DATA SUPPLIED –
__________

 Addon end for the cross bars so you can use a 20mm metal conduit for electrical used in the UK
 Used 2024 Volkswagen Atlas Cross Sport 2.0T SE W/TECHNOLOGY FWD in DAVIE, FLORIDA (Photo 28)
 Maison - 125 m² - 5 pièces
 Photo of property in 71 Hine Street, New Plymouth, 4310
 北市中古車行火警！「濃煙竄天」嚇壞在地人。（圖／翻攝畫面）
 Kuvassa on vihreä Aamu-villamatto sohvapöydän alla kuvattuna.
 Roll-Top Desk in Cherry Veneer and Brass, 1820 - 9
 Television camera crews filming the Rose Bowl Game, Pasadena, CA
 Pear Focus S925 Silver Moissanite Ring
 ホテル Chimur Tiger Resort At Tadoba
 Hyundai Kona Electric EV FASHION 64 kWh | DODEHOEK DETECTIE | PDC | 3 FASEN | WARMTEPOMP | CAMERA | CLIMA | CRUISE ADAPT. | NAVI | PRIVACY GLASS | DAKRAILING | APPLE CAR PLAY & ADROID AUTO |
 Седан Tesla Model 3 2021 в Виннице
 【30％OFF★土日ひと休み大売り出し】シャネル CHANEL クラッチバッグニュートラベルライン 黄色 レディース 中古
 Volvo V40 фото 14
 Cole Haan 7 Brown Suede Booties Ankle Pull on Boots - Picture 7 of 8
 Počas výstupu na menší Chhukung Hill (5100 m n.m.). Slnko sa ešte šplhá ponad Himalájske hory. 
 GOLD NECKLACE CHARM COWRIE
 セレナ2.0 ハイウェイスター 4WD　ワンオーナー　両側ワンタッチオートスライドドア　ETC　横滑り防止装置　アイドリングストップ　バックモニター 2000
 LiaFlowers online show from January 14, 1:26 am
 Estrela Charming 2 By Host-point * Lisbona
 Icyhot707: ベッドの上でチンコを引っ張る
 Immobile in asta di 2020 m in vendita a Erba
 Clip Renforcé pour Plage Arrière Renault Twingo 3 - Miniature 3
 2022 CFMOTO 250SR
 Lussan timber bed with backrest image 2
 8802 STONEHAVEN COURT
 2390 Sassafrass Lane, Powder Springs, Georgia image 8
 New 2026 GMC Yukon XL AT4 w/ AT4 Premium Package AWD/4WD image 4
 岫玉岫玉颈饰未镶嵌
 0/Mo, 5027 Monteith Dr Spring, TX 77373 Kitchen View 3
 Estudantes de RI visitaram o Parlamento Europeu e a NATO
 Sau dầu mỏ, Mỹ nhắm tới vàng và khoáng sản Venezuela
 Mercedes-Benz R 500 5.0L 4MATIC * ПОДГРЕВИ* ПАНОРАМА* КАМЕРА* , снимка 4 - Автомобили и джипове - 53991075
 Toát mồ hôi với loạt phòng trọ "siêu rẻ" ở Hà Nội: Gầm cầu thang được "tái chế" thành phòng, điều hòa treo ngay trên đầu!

__________

Go through the material above and output exactly the lines from the one containing "Hyundai Kona Electric" through the one containing "Cole Haan 7".

SOLUTION BELOW –
 Hyundai Kona Electric EV FASHION 64 kWh | DODEHOEK DETECTIE | PDC | 3 FASEN | WARMTEPOMP | CAMERA | CLIMA | CRUISE ADAPT. | NAVI | PRIVACY GLASS | DAKRAILING | APPLE CAR PLAY & ADROID AUTO |
 Седан Tesla Model 3 2021 в Виннице
 【30％OFF★土日ひと休み大売り出し】シャネル CHANEL クラッチバッグニュートラベルライン 黄色 レディース 中古
 Volvo V40 фото 14
 Cole Haan 7 Brown Suede Booties Ankle Pull on Boots - Picture 7 of 8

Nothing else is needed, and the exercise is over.